Abraham Lincoln once said, “It’s better to remain silent and be thought a fool, then to speak and remove all doubt.”
Apparently nobody ever told that to Mike Puma of the New York Post. Not only has Puma gotten himself in trouble this year for an unprofessional and unfunny joke about Mets starting pitcher Bartolo Colon’s weight, but after the Mets’ 3-1 loss to the Atlanta Braves Wednesday night, he unleashed this golden nugget on Twitter, spurred on by comments made earlier by Sandy Alderson to Jon Heyman:
Mets are three outs away from falling a season’s worst 11 games under .500 … But at least their runs differential doesn’t stink.
— Mike Puma (@NYPost_Mets) July 3, 2014
I am in no way suggesting that Puma was the only Met beat writer to make a joke about that comment, because he wasn’t, but let’s really examine the level of ignorance contained in that tweet.
The Mets’ record now stands at 37-48, but their run differential is not too shabby. They have scored 328 runs, and allowed 334. That works out to a Pythagorean record of 42-43, just one game below the .500 mark, rather than 11.
There is a very strong correlation between run differential and win-loss record (see the chart to the side), but as anyone who has taken an intro-level statistics class could tell you, there are sometimes aberrations – outliers, if you will – in the data that sometimes break from the prevailing trend.
A situation like that is the exception, not a reason to discard legitimate statistical findings.One of the best examples of a team breaking the trend was the 2007 Arizona Diamondbacks.

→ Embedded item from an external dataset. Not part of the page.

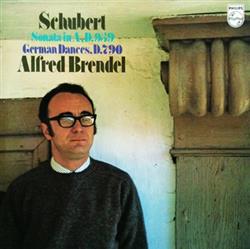 Download Schubert Alfred Brendel - Sonata In A D959 German Dances D790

That team went 90-72, winning the NL West despite a run differential of -20, and a 79-83 Pythagorean record.
So for Puma, or whoever wants to dangle run differential out there to take cheap shots at sabermetrics, I genuinely feel sad for you.

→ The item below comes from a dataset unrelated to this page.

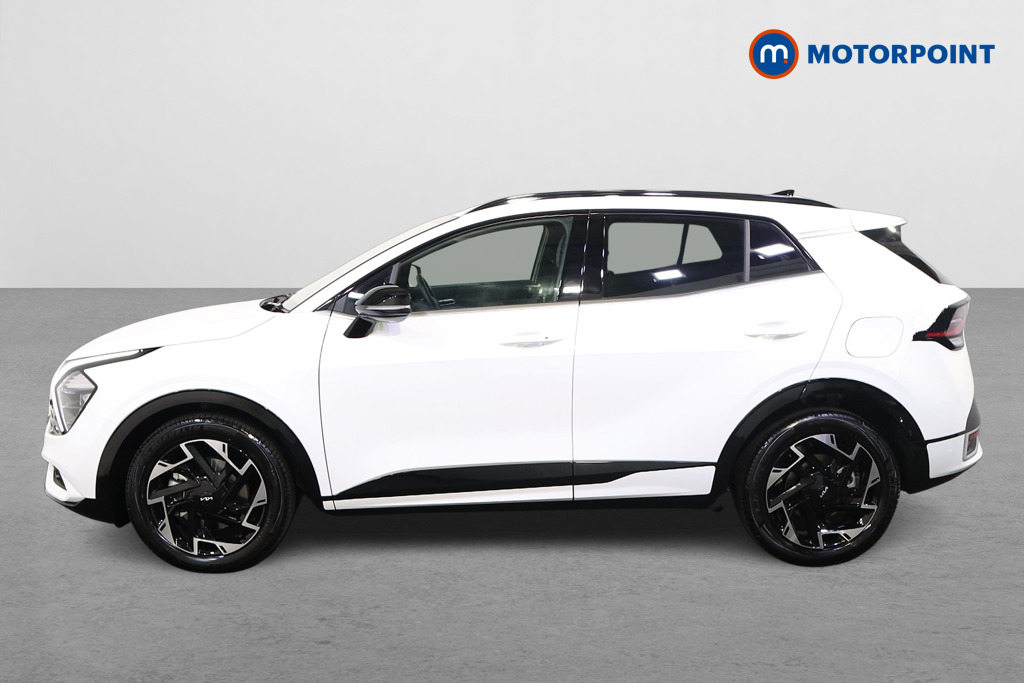 KIA Sportage Gt-Line Manual Petrol SUV - Stock Number (1586136) - Passenger side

Somehow, you’ve managed to completely miss the boat on what sabermetrics – and being a fan of baseball – is all about.
“Sabermetrics don’t have anything to do with statistics,” said Bill James in an email interview for this piece from December. “Sabermetrics is the search for objective knowledge about baseball.”
Statistics assist in that search for more objective knowledge about baseball. They help us know the exact run expectancy value of a runner on first and no outs, versus a runner on second and one out, so that we can guide strategy, knowing that the sacrifice bunt – in almost all situations – is a negative play.
We can look at a player like Mike Trout and put a number on his overall dominance of the game – and compare him easily to other players both in the game today and in history.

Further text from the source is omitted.